The apartment is in the fifteenth arrondissement. My French is very rudimentary (merci, bonjour, etc) but I am working on it. This trip is very spur of the moment, so I am trying to practice some French every day with a friend who speaks fairly good French. I’ve already been told my French sounds like I’m from Alabama (I’m a Bostonian) and they didn’t mean this in a good way. Oh, well.

Thanks for watching my video blog, I’m having a good time with it!

I think I’d like to stay in Paris most of the trip, and I’ll go anywhere on the Metro. I live in NY so public transportation is …… oh, wait let me use a French phrase here……. de riguer. I would like to take a train out to a pretty town where I don’t have to rent a car and maybe stay overnight and drink some great wine.

I’m still working out the food budget, I’ll post it when I have my math figured out.

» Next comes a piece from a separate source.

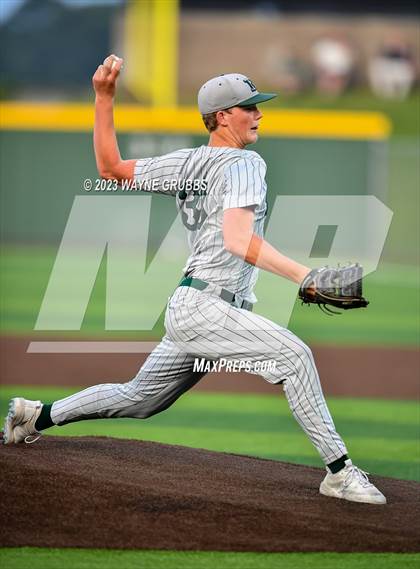Thumbnail 3 in Reedy @ Longview (UIL 5A Regional Semifinal) photogallery.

Margaret: Thank you for responding. The person I’m swapping apartments with sent me an email with the address. It is definitely Rue Plumet and I’ve seen it on a map. It’s between Rue des Volontaires and Rue Bargue just south of the Institut Pasteur. I was just talking with someone today about wanting to use the bus as a way of getting a feel for the city. I’ll just get off when something looks interesting. I can’t wait to picnic.

Great to know I can buy only what I think I will use. I would rather frequent smaller mom and pop stores. I’ve put L'Ami Marcel on my to do list.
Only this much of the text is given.